Thanks for the additional information.
It's possible that she was in heat a few days before the discharge developed although it doesn't particularly matter if that's the case. A dog's cycle is broken into various phases:
Proestrus, estrus and then diestrus. She most likely would be in proestrus if you've just noticed her bleeding. Let me go through each phase so you'll know what to expect:
Usually this phase is associated with varying quantities of a bloody vaginal discharge...and the blood can look quite red and fresh (as you are seeing). The volume most definitely can vary from female to female; some produce a fair amount while others barely produce any blood or just a few drops of it. Since many females will also lick their vulvas in an attempt to keep themselves clean, it can often be difficult to quantify the amount of blood produced.
The vulva slowly increases in size throughout this phase of the cycle.
In terms of behavior, many females will become more playful (although this may be hard to determine since she's still so young). Some dogs will become grumpy and not want to interact with their families in quite the same way as they did before they were in heat. Again, there's a great deal of variability about this from one female to the next.
Proestrus can last anywhere from 6-11 days with an average of 9 days for most females.

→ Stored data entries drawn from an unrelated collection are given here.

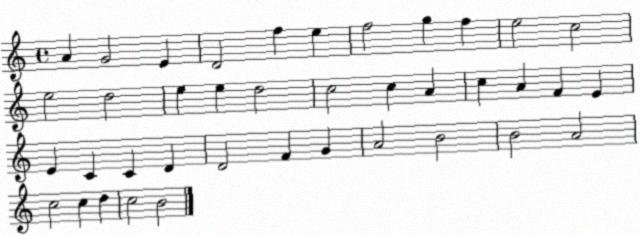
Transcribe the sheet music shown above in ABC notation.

X:1
T:Untitled
M:4/4
L:1/4
K:C
A G2 E D2 f e f2 g f e2 c2 e2 d2 e e d2 c2 c A c A F E E C C D D2 F G A2 B2 B2 A2 c2 c d c2 B2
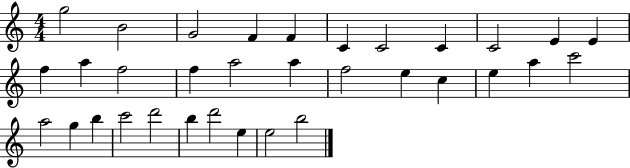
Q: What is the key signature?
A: C major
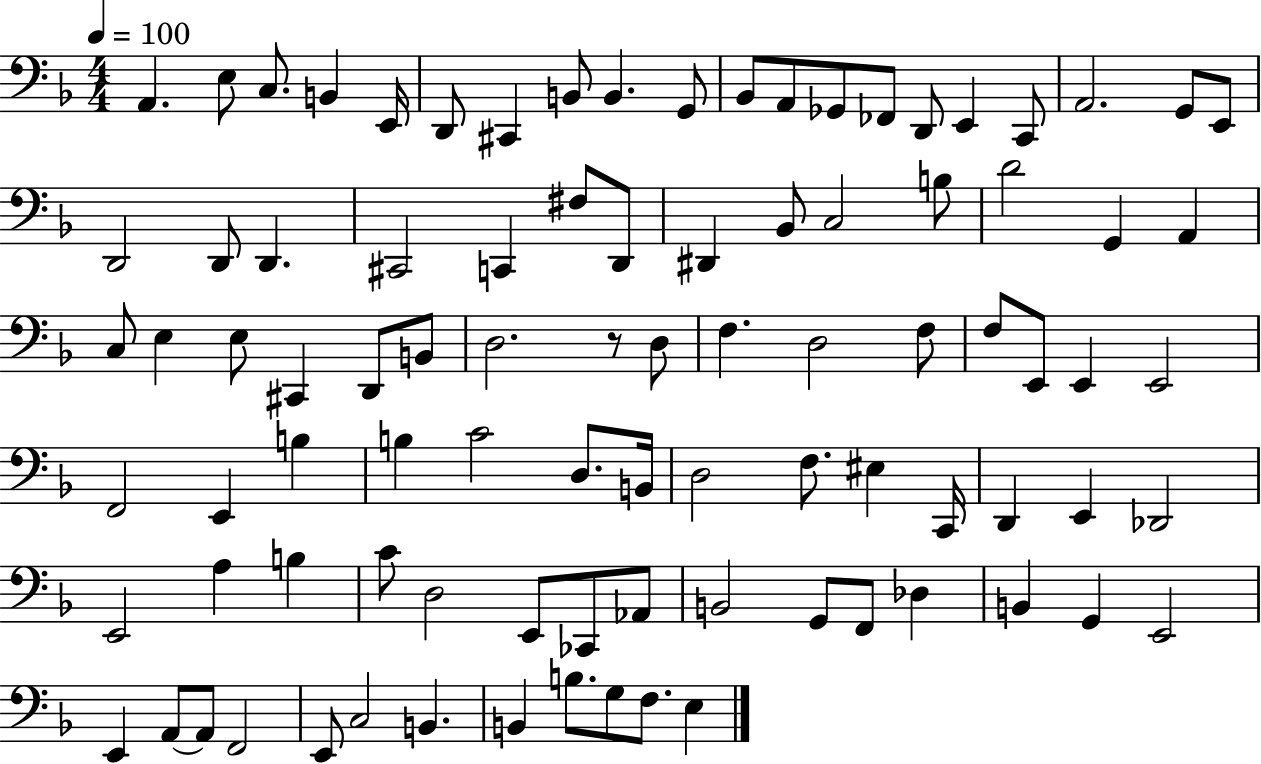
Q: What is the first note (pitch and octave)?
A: A2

In some, but not all dogs, the vaginal discharge fades or reduces significantly in volume. It may change in color to a more straw-colored or clear color.
The vulva remains swollen.
In terms of behavior, if there's a male around, then they may try to mount the female and she would be receptive to him (which would not be the case in proestrus).
Some females will go off their food during this phase and can remain out of sorts.
Estrus typically lasts about 5-9 days although it can vary quite a bit between females.
This is when females are out of heat. Vaginal discharge is no longer present and females are no longer interested in males.
The vulva will slowly decrease in size.
Behavioral changes (if present) usually return to normal.
It sounds as if the amount of blood that you're seeing is normal for a female in heat and that her behavioral changes could also be consistent with it.
But, having said that, dogs can have more than one issue going on at one time. I might take her temperature since a female in heat should not be running a fever. Normal is between 100 and 102.5. If it's elevated, then there may be something else going on with her which would explain her being "off".